Written by Jiovann Carrasco, LPC-S
Imagine all the ways being overly concerned about what others think about you has kept you from doing something important. Has it kept you from speaking up in a business meeting? Has it kept you from dancing at a party? Has it kept you from talking to that girl? Why do you avoid her when she only rejects you in your mind? We spend a lot of time trying to read other people’s minds. Here’s why that is mostly a waste of time.
People don’t think about you as much as you think they do.
It is you who are preoccupied with you. And guess what? They are most likely preoccupied with themselves. They are worried about what other people think of them! And this doesn’t mean they don’t care about you or don’t like you. They just happen to have a locus of observation that originates outside of your head. So leave them to their perceptions, regardless of how much space you think you deserve to take up in their consciousness.
Nobody is living their life at you.
Every day you will see people who you assume are doing much better than you. They’re prettier, thinner, wealthier, more confident, funnier, smarter, better dressed, and are much, much cooler than you. But they aren’t being who they are AT YOU. They’re living their lives the best they know how, regardless of how you measure up. Yet, we can be very judgmental toward these “better-off’s” as if they are shoving their success in our face. Being successful at us. And this goes for people whose opinions offend you, too. There is nothing that anyone can say that is not going to offend someone. If you have an opinion about anything, I guarantee you there is someone who is going to disagree. And if they do, it isn’t because of you.
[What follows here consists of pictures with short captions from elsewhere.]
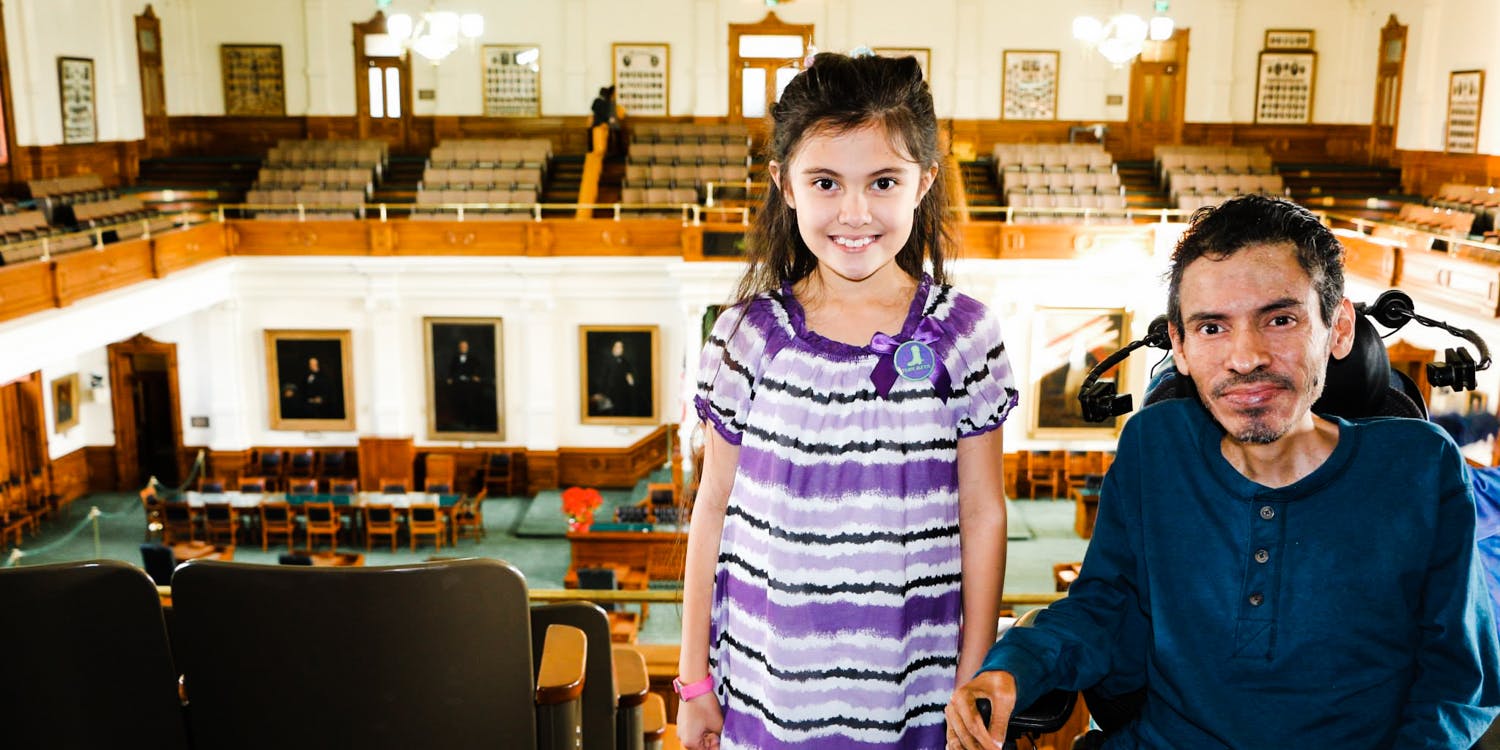 Alexis Bortell, a 12 year old Marijuana activist, stands in court
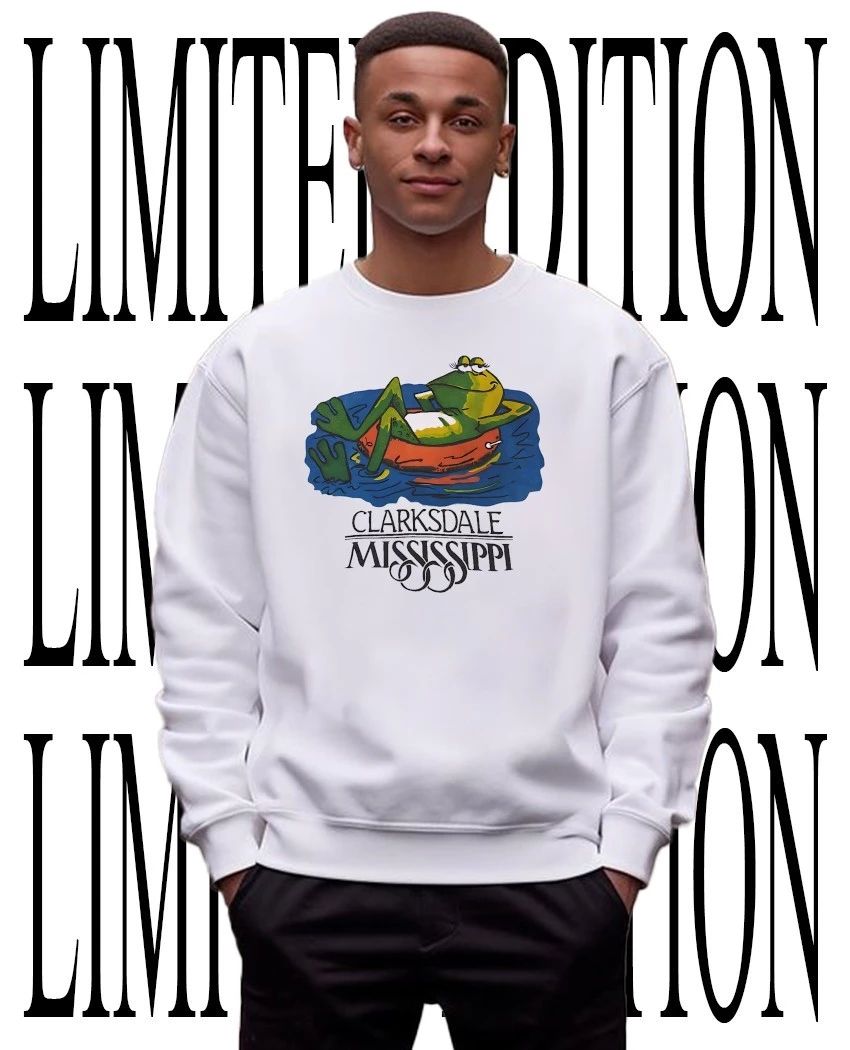 Clarksdale Mississippi Frog Relax shirt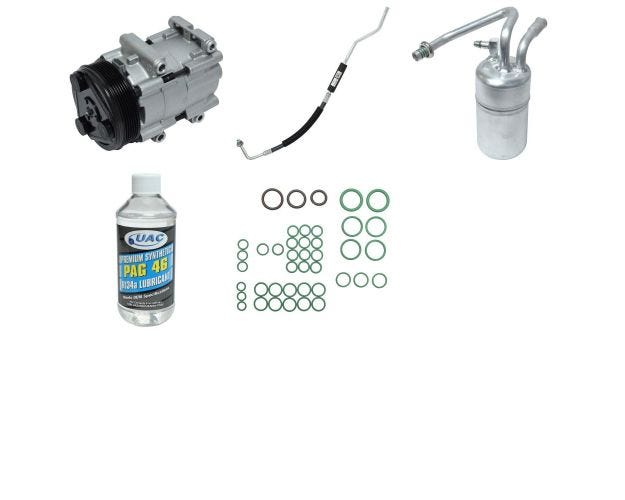 KT1510 A&C Compressor & Component Kit for 1996-1998 Ford Mustang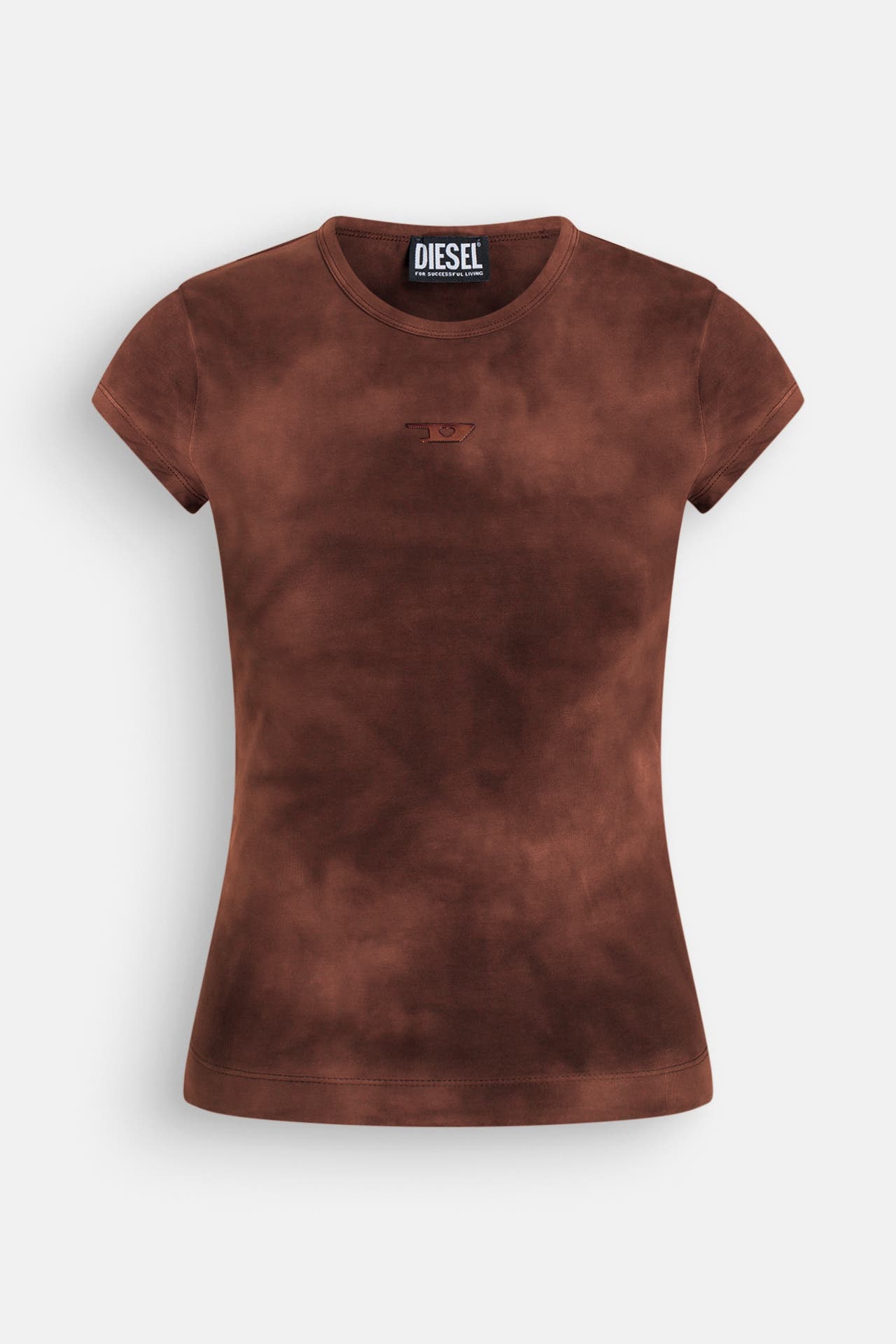 DIESEL T-Shirt dunkelbraun, Bild 1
Nobody can determine your worth.
The problem is not that others do not regard you as significant or worthy or whatever else you would like people to think of you. They do not have the power to determine your value. All they can do is confirm what you already believe about yourself. If you think you are worthless, nobody will ever convince you otherwise. And if you do value yourself, then other’s negative evaluations will just not matter a whole lot. So you have to . . .
Learn to love yourself.
Yeah, yeah, yeah. We all know that it’s true, but how do you do it? This isn’t easy, especially if you have a long history of devaluing yourself, which is often instilled by unsupportive parenting. We learn to love by being loved as children, so without loving role models we are left to figure it out on our own. But if you can, think of love as a verb, it may be easier to start. What does a parent do when they love their child? They quickly respond to his cries of distress. They hold and soothe him to bring him comfort. They spend quality time with him and give him special attention. They smile at him and would move heaven and earth to make him laugh. They feed him nourishing meals and are proactive about keeping him healthy. They tell him, “I love you!” several times everyday. When’s the last time you did any of those things for yourself?
You are your responsibility.
Take care of you and let other people think what they want. Michelangelo said, “Every block of stone has a statue inside it and it is the task of the sculptor to discover it.” You are the sculptor of your block of stone. And they are the sculptor of theirs. You can do nothing about theirs and they can do nothing about yours. So grab a chisel and get to work.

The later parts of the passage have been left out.